C'est un cadeau qu'on lui a offert voici maintenant quatre ans et qui ne le
quitte plus. Non pas qu'il en fasse un usage régulier mais de temps en temps,
l'hiver surtout, il s'envoie un petit bouchon pour se réchauffer. Après cet
épisode incroyable c'est la moitié du flacon qu'il avale d'un coup. Puis sans
plus attendre il remet le moteur en marche et l'emballe aussi fort qu'il
peut. Fuir ! Telle est la consigne que lui indique une indicible et prudente
sagesse. Il sait maintenant qu'il va aller directement à la Gendarmerie pour
relater son impensable histoire. Il a lu une fois dans le journal un article
qui traitait d'un rapport de Gendarmerie et de soucoupe volante. Il est tard
mais tant pis, il ne faut pas attendre demain afin de ne pas perdre les
moindres détails de ce qui vient de se produire. Avant
de sonner à l'interphone de la grille de la brigade, il prend encore une
triple rasade d'armagnac, juste pour se mettre le verbe en place. Bertrand
n'est pas d'un naturel loquace et l'alcool, pense-t-il, va l'aider à se
détendre. Il sonne et en bégayant annonce : -
"J'ai vu un O.V.N.I !" C'est
alors que commence la relation des faits. Rien depuis le début n'est oublié :
la journée de travail, la route, la douceur de l'été et puis bien sûr la manifestation
à laquelle il a assisté. Mais l'explication est confuse, fiévreuse, les mots
se bousculent et des gestes électriques ponctuent le récit. Le gendarme de
faction, perplexe, appelle ses collègues devant qui Bertrand redit son
histoire. - "Mais dites nous, vous ne croyez
pas que vous avez consommé un peu trop ? Vous avez pris la lune pour une
soucoupe volante et bientôt vous allez nous parler de petits bonshommes verts
qui vous ont, en plus, payé un coup à boire ? Allons, tout çà n'est pas très sérieux.
La plaisanterie a maintenant assez duré. Rentrez chez vous et allez vous
coucher sinon vous passerez la nuit dans la cellule d'à côté. Dans l'état où
vous êtes, estimez-vous heureux de ne pas avoir eu d'accident." Bertrand
tente de réagir mais à trois contre un la lutte est inégale, surtout quand
l'opposant représente la loi. Finalement, l'affaire tourne à la farce et on
lui ordonne de sortir. Ce qu'il fait. Pourtant
il n'est pas fou, il a bien vu, elle était bien là ! Un hoquet lui secoue la
poitrine… Il est fatigué et il se demande maintenant s'il ne rêve pas tout
éveillé. Et comme il dort mal cette nuit-là ! Le peu de sommeil qui le prend
est peuplé d'apparitions étranges et de lueurs incongrues.
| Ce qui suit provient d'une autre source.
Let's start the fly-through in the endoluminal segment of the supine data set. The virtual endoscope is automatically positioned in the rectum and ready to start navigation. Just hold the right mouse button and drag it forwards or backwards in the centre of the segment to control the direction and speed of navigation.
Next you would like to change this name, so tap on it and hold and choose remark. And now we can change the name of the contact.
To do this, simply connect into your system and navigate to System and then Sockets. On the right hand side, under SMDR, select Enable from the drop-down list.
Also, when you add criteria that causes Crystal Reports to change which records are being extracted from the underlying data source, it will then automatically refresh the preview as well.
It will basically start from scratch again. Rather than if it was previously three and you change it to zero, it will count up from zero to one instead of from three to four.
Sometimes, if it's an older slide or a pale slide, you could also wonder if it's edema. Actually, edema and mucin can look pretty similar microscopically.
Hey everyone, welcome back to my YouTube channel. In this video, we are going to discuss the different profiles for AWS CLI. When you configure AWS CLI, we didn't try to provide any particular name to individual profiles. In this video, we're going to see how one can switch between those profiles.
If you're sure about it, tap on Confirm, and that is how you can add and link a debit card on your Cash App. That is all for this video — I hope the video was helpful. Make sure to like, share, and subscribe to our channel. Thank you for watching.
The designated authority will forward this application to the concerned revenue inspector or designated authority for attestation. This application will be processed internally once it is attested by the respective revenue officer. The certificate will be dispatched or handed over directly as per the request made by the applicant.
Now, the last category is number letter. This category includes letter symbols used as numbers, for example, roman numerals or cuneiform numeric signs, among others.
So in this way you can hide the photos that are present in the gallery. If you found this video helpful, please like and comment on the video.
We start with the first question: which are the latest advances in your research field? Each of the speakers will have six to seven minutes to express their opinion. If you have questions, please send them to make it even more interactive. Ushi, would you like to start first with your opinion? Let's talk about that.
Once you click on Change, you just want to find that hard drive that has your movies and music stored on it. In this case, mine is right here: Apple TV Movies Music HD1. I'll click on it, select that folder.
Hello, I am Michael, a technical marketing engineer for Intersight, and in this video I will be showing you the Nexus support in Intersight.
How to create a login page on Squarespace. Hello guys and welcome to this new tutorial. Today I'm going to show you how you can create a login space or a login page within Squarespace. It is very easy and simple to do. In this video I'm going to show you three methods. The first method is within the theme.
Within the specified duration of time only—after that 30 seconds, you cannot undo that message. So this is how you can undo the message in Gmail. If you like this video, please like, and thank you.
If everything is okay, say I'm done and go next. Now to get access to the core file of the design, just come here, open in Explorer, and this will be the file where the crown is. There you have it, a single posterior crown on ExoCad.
Quand il se lève
le matin, la première chose qu'il fait est d'examiner le ciel. Tout ce qu'il
a vécu la veille lui parait tellement irréel qu'il voudrait pouvoir
l'oublier. En
remontant dans son Trafic il trouve la flasque de métal vide sur le siège.
Pendant quelques secondes il est songeur. Aujourd'hui la journée s'annonce
difficile et au dépôt son patron et ses collègues lui ont trouvé l'air
bizarre. Cela ne l'empêche de céder à une pulsion qui le prend alors : il
faut retourner voir sur place, personne n'en saura rien. Le
jour le paysage semble totalement différent et pour un peu il ne
reconnaîtrait pas la route où il est passé hier. Arrivé pourtant à hauteur du
monticule il s'arrête et décide d'aller à pied jusqu'à l'endroit où s'est
immobilisé l'engin. Malgré le soleil déjà chaud il est parcouru par un
frisson. Encore quelques pas. Et là ce qu'il découvre le laisse sans voix :
l'herbe a été comme grillée sur un cercle d'environ trois mètres de diamètre.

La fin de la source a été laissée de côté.